On Wed, Feb 07, 2024 at 12:11:25PM +0000, Will Deacon wrote:
> On Wed, Feb 07, 2024 at 11:21:17AM +0000, Matthew Wilcox wrote:
> > On Wed, Feb 07, 2024 at 11:12:52AM +0000, Will Deacon wrote:
> > > On Sat, Jan 27, 2024 at 01:04:15PM +0800, Nanyong Sun wrote:
> > > >
> > > > On 2024/1/26 2:06, Catalin Marinas wrote:
> > > > > On Sat, Jan 13, 2024 at 05:44:33PM +0800, Nanyong Sun wrote:
> > > > > > HVO was previously disabled on arm64 [1] due to the lack of necessary
> > > > > > BBM(break-before-make) logic when changing page tables.
> > > > > > This set of patches fix this by adding necessary BBM sequence when
> > > > > > changing page table, and supporting vmemmap page fault handling to
> > > > > > fixup kernel address translation fault if vmemmap is concurrently accessed.
> > > > > I'm not keen on this approach. I'm not even sure it's safe. In the
> > > > > second patch, you take the init_mm.page_table_lock on the fault path but
> > > > > are we sure this is unlocked when the fault was taken?
> > > > I think this situation is impossible. In the implementation of the second
> > > > patch, when the page table is being corrupted
> > > > (the time window when a page fault may occur), vmemmap_update_pte() already
> > > > holds the init_mm.page_table_lock,
> > > > and unlock it until page table update is done.Another thread could not hold
> > > > the init_mm.page_table_lock and
> > > > also trigger a page fault at the same time.
> > > > If I have missed any points in my thinking, please correct me. Thank you.
> > >
> > > It still strikes me as incredibly fragile to handle the fault and trying
> > > to reason about all the users of 'struct page' is impossible.
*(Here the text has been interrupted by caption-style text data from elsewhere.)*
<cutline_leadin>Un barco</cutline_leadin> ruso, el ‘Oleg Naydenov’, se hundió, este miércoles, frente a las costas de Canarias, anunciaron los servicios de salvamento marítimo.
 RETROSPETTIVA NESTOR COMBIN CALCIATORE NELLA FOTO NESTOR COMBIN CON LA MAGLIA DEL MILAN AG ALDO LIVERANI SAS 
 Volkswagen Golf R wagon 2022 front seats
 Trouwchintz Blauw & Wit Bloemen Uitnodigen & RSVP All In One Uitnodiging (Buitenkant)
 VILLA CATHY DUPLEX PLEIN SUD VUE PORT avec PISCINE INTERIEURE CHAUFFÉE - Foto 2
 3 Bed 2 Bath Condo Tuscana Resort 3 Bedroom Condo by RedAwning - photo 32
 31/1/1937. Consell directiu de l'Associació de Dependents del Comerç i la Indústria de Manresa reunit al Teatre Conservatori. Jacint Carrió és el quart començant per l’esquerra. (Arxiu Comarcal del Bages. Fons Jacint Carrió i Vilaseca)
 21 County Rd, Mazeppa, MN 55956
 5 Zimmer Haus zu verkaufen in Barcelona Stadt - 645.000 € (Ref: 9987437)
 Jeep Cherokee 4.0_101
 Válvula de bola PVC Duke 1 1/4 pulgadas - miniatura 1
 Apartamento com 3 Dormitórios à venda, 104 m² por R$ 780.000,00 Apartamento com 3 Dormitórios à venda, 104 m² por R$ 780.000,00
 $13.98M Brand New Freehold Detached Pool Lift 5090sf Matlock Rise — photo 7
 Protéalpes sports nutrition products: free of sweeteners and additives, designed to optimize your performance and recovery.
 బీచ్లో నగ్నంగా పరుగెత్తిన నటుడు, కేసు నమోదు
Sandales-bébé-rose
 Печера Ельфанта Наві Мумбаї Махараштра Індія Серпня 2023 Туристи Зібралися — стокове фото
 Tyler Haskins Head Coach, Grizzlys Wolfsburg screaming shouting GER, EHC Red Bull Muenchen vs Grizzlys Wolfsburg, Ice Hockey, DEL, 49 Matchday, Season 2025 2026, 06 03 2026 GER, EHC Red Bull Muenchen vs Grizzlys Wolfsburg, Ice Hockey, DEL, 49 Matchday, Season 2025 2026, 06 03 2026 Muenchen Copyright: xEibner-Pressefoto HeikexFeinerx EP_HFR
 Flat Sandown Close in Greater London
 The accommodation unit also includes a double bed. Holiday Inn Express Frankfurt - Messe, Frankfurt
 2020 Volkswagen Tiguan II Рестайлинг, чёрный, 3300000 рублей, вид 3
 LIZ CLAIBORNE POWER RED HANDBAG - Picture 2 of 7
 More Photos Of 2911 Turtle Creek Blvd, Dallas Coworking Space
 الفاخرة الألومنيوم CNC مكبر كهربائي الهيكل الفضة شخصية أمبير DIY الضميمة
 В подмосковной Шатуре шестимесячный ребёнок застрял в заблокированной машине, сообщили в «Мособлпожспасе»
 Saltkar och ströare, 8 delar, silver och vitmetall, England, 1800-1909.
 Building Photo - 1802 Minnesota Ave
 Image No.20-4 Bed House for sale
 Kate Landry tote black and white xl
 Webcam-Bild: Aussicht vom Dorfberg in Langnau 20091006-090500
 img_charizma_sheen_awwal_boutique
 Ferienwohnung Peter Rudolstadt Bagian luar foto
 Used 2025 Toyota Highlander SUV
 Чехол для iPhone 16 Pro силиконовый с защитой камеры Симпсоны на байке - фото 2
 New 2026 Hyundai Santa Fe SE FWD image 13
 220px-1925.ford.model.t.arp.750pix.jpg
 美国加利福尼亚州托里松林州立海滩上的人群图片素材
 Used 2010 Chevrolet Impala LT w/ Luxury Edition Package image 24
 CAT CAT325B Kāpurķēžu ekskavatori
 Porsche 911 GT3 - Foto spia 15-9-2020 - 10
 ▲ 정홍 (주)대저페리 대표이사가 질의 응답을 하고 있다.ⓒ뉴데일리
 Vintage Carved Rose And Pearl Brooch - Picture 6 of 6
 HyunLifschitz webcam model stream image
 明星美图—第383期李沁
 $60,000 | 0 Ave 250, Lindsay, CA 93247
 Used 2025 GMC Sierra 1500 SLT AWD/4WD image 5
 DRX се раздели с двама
For example,
> > > can the fault happen from irq context?
> >
> > The pte lock cannot be taken in irq context (which I think is what
> > you're asking?) While it is not possible to reason about all users of
> > struct page, we are somewhat relieved of that work by noting that this is
> > only for hugetlbfs, so we don't need to reason about slab, page tables,
> > netmem or zsmalloc.
>
> My concern is that an interrupt handler tries to access a 'struct page'
> which faults due to another core splitting a pmd mapping for the vmemmap.
> In this case, I think we'll end up trying to resolve the fault from irq
> context, which will try to take the spinlock.

I think that (as per my comments on patch 2), a similar deadlock can happen on
RT even if the vmemmap is only accessed in regular process context, and at
minimum this needs better comentary and/or lockdep assertions.

I'd also prefer that we dropped this for now.

> Avoiding the fault would make this considerably more robust and the
> architecture has introduced features to avoid break-before-make in some
> circumstances (see FEAT_BBM and its levels), so having this optimisation
> conditional on that would seem to be a better approach in my opinion.

FWIW, that's my position too.

Mark.